RAFAEL CADENAS / Trechos de uma provável entrevista, s/d. Suplemento Papel literario. Caracas, 20 de abril de 1969. Citada por José Balza em Lectura transitoria. Caracas, 1973.
ARS POÉTICA
Que cada palavra carregue o que diz.
Que seja o tremor que a sustenta.
Que se mantenha como uma pulsação.
Não devo proferir falsidade ornamentada ou colocar tinta duvidosa ou adicionar brilhos ao que existe.
Isto me obriga a ouvir a mim mesmo. Mas estamos aqui para dizer a verdade.
Somos reais.
Eu quero precisões aterrorizantes.
Tremo ao pensar que falsifico a mim mesmo. Devo pesar minhas palavras. Eles me possuem tanto quanto eu as possuo.

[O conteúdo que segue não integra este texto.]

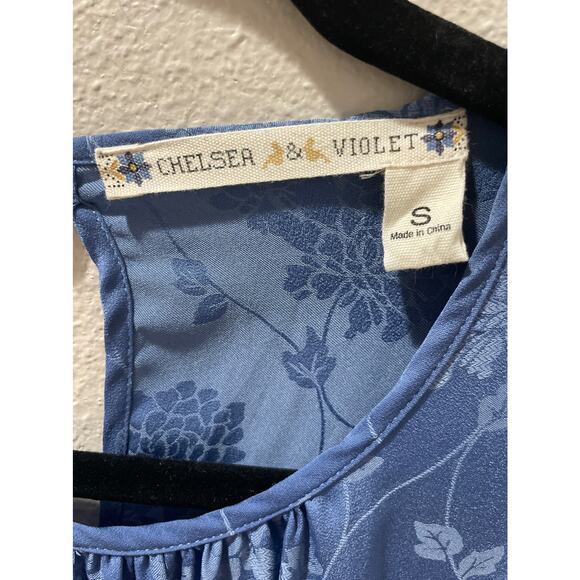 CHELSEA & VIOLET Blue Tiered Maxi Dress Size S - Picture 6 of 10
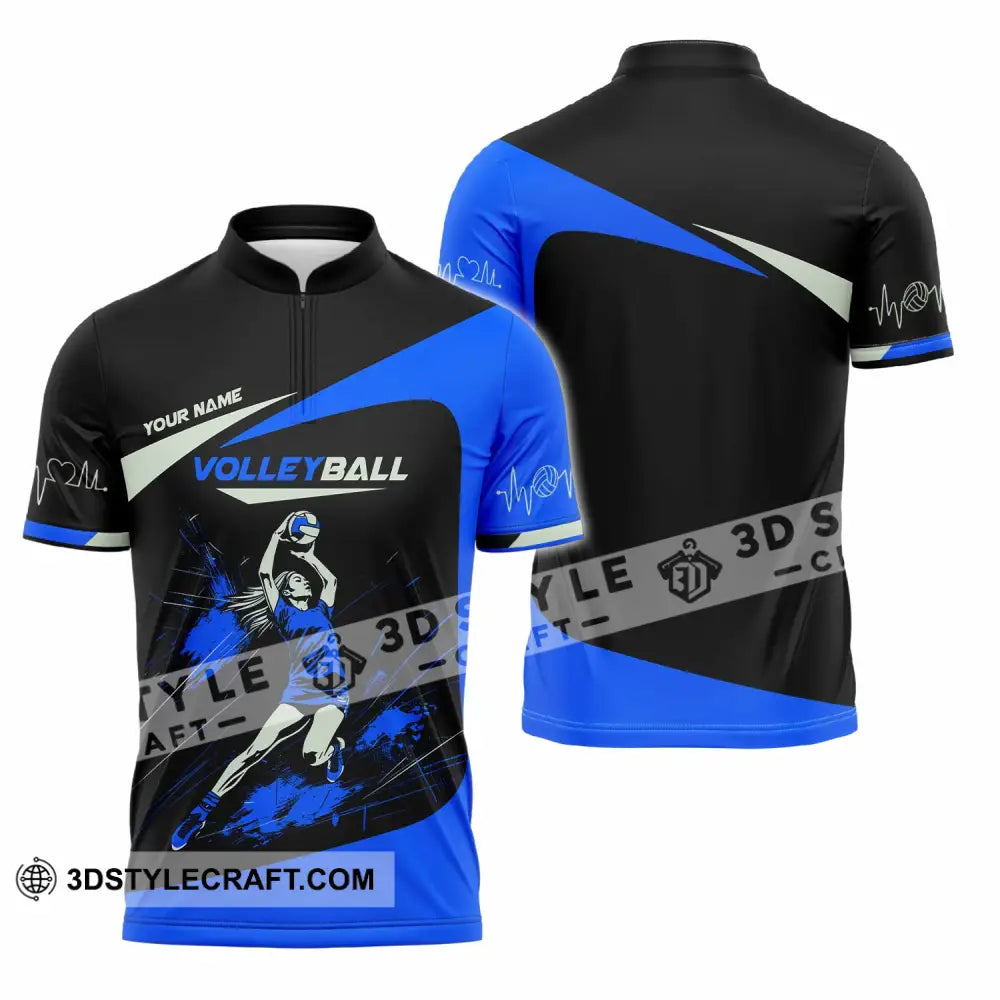 Unisex Shirt - Custom Volleyball Lover Sport Shirt Zipper Polo Shirt / S T-shirt
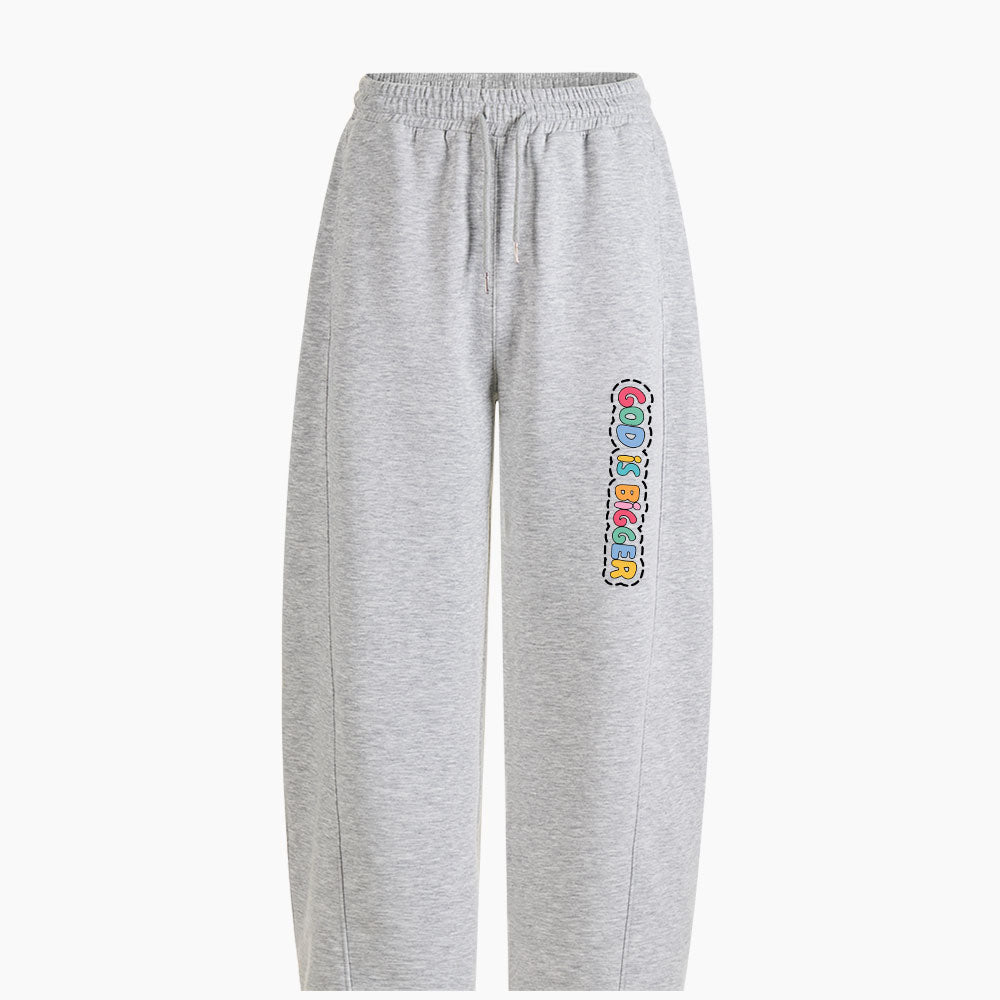 God Is Bigger than Your Fear Christian Minimalist Knit Barrel Sweatpants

Se não vejo bem, dizei-me, tu que me conheces, minha mentira, aponta a impostura, me esfregando a fraude. Eu vou te agradecer, sério.
Enlouqueço por retribuir.
Sejas meu olho, esperes por mim à noite e me vejas, me examines, me sacudas.
AS PAZES
Cheguemos a um acordo, poema.
Não mais te forçarei a dizer o que não queres
nem tu resistirás tanto ao que desejo.
Temos lutado muito.
Por que esse esforço para fazer de ti a minha imagem
quando sabes de coisas das quais não suspeito?
Livra-te de mim agora.
Foge sem olhar para trás.
Salva-te antes que seja tarde.
Pois sempre me ultrapassas,
sabes dizer o que te motiva
e eu não,
porque és mais do que tu mesmo
e eu sou apenas aquele que tenta se reconhecer em ti.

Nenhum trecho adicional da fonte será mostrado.